───── Data supplied ─────
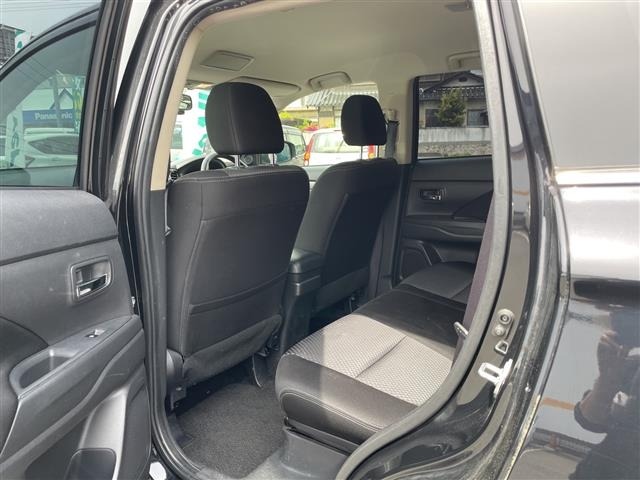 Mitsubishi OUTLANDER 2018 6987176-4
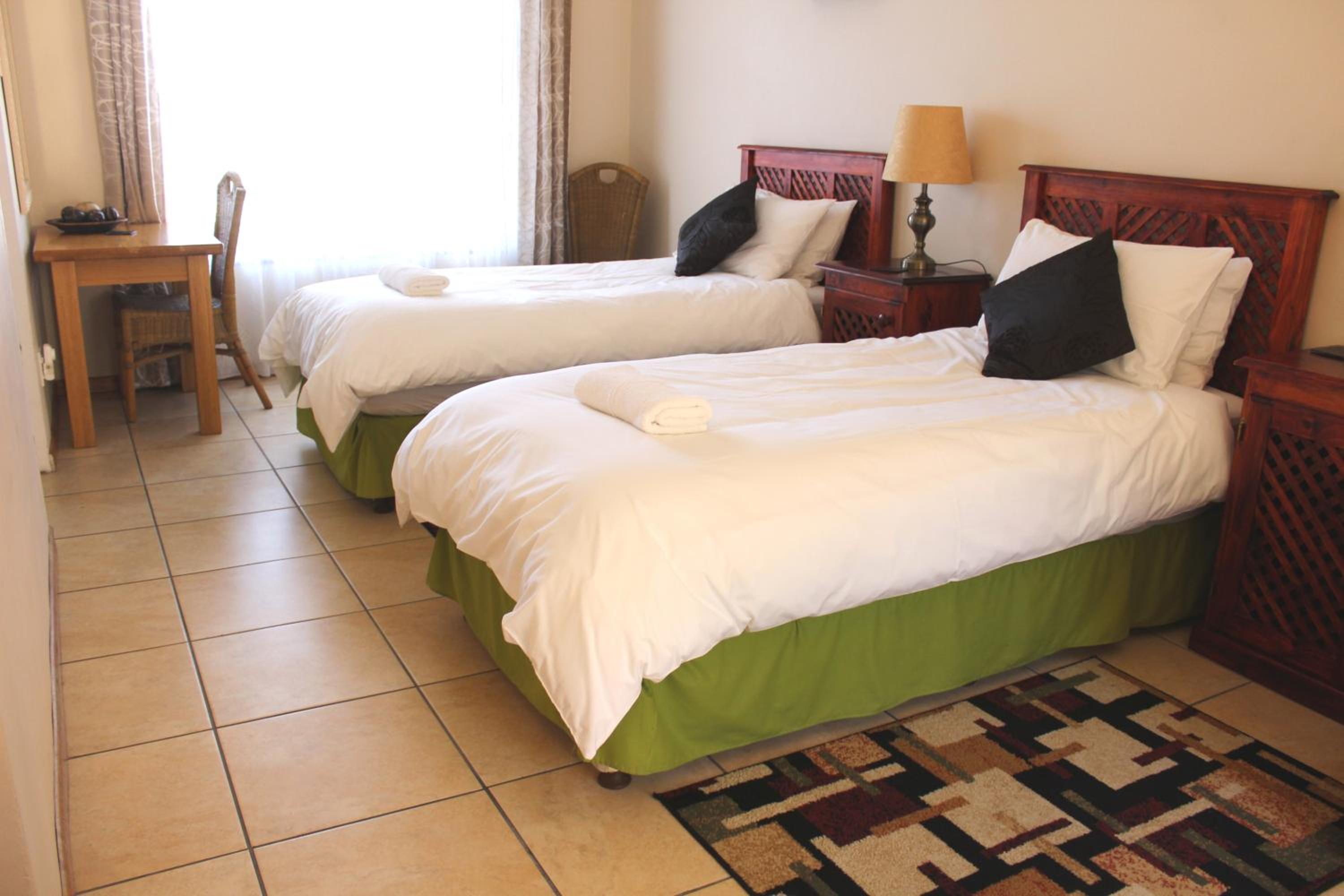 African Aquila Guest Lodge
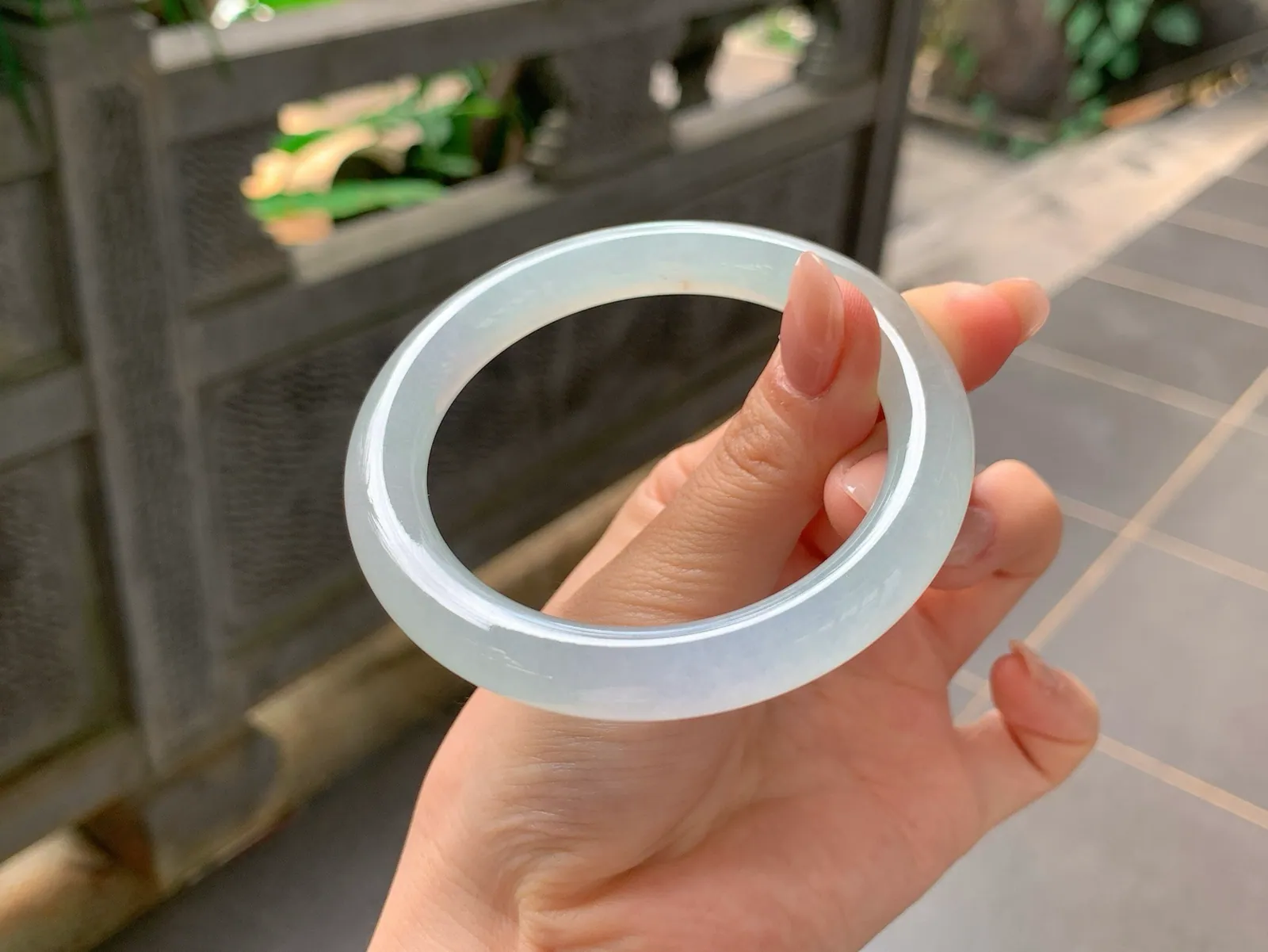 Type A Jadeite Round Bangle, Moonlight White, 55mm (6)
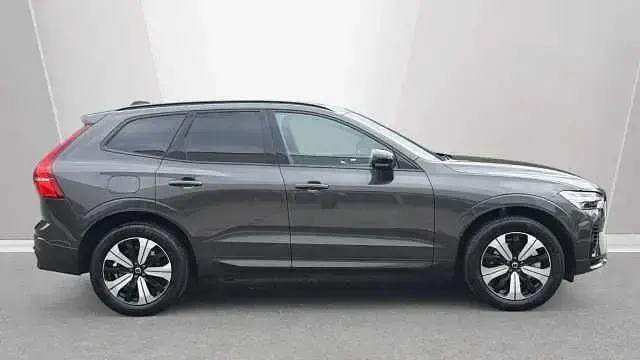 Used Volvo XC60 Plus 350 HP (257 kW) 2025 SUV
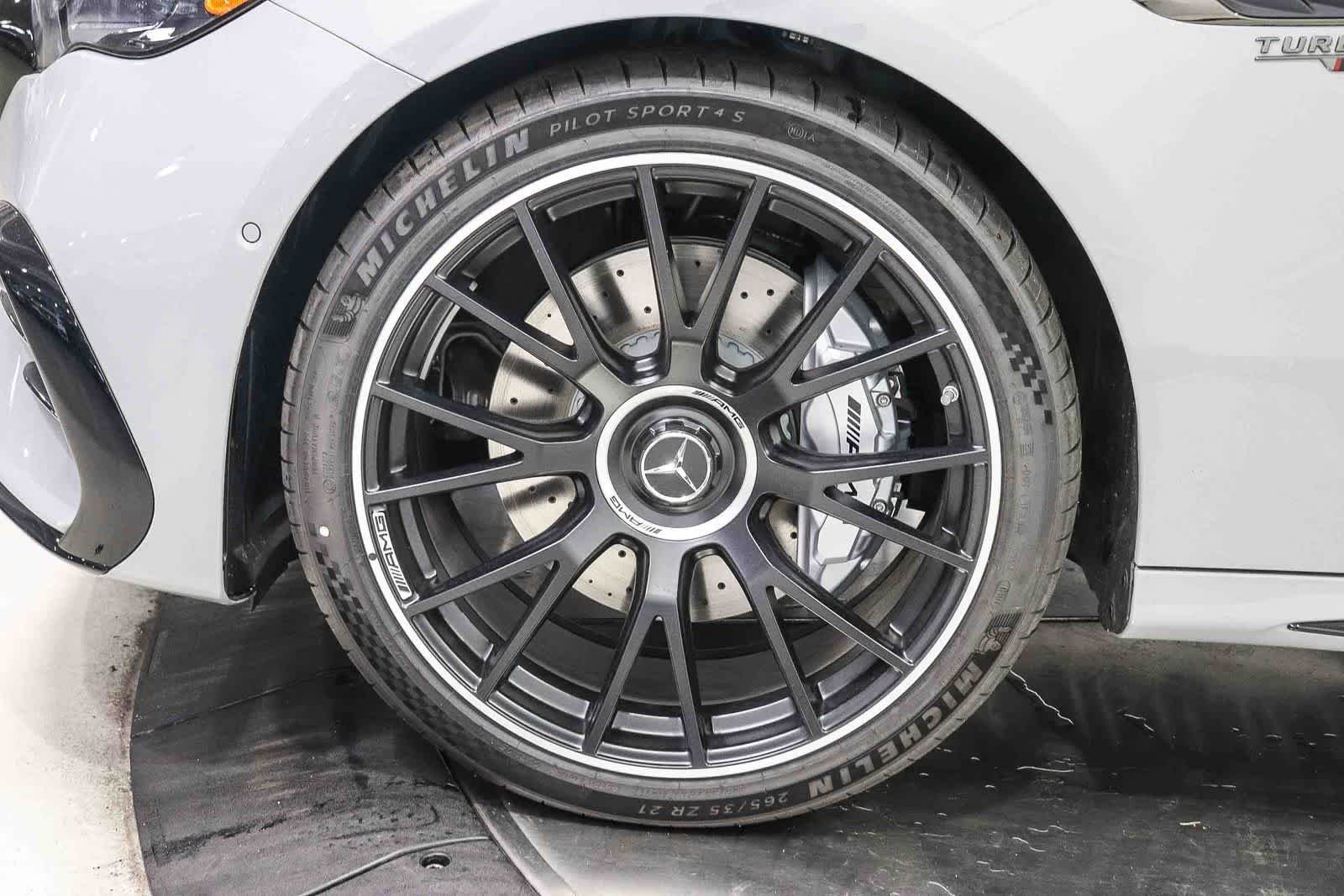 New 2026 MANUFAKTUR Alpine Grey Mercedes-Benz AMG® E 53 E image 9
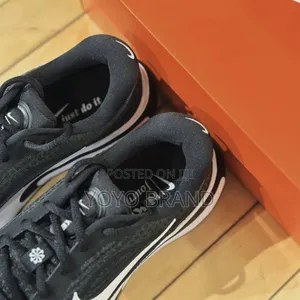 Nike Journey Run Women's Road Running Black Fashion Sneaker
─────
• [Task description] Your answer must consist of the entries, unchanged, with no pictures in it.

• [The completed task]
 Mitsubishi OUTLANDER 2018 6987176-4
 African Aquila Guest Lodge
 Type A Jadeite Round Bangle, Moonlight White, 55mm (6)
 Used Volvo XC60 Plus 350 HP (257 kW) 2025 SUV
 New 2026 MANUFAKTUR Alpine Grey Mercedes-Benz AMG® E 53 E image 9
 Nike Journey Run Women's Road Running Black Fashion Sneaker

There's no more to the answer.